ENTRIES SUPPLIED.
▼

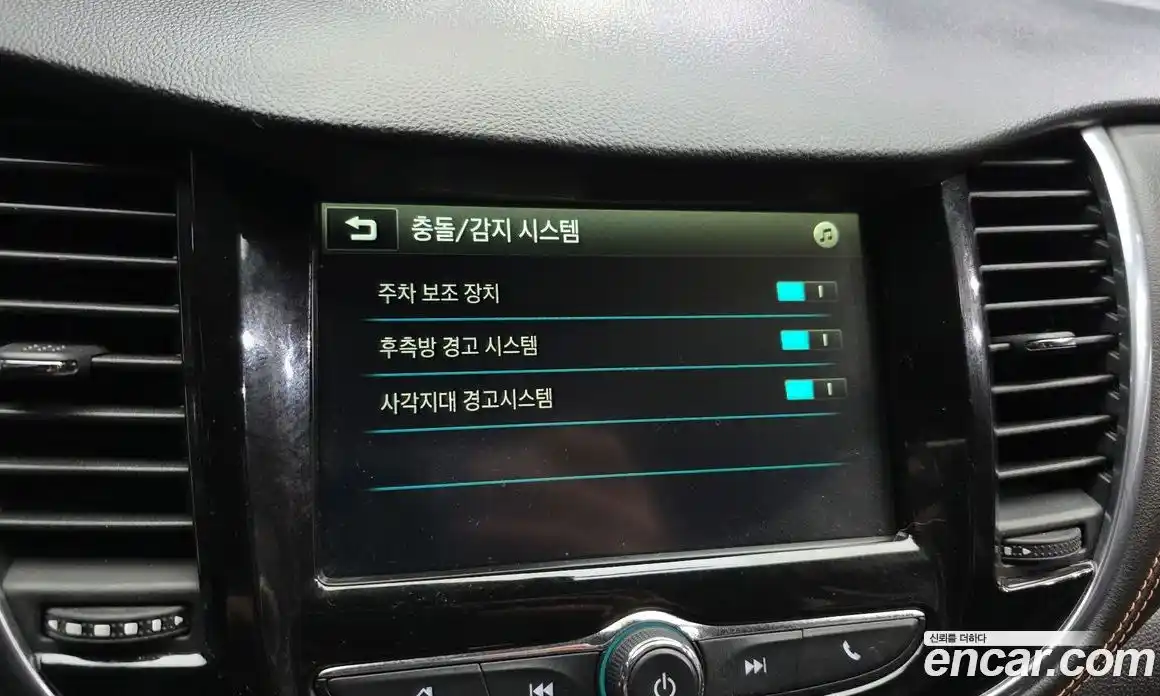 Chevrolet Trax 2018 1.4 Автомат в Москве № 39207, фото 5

▲
▼

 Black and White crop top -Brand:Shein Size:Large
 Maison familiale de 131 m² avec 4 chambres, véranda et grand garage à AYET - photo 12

▲

EXERCISE GOAL.
Repeat, exactly as they stand above, the lines from the line with "Black and White" to the line with "Maison familiale de", both lines included.

ANSWER.
 Black and White crop top -Brand:Shein Size:Large
 Maison familiale de 131 m² avec 4 chambres, véranda et grand garage à AYET - photo 12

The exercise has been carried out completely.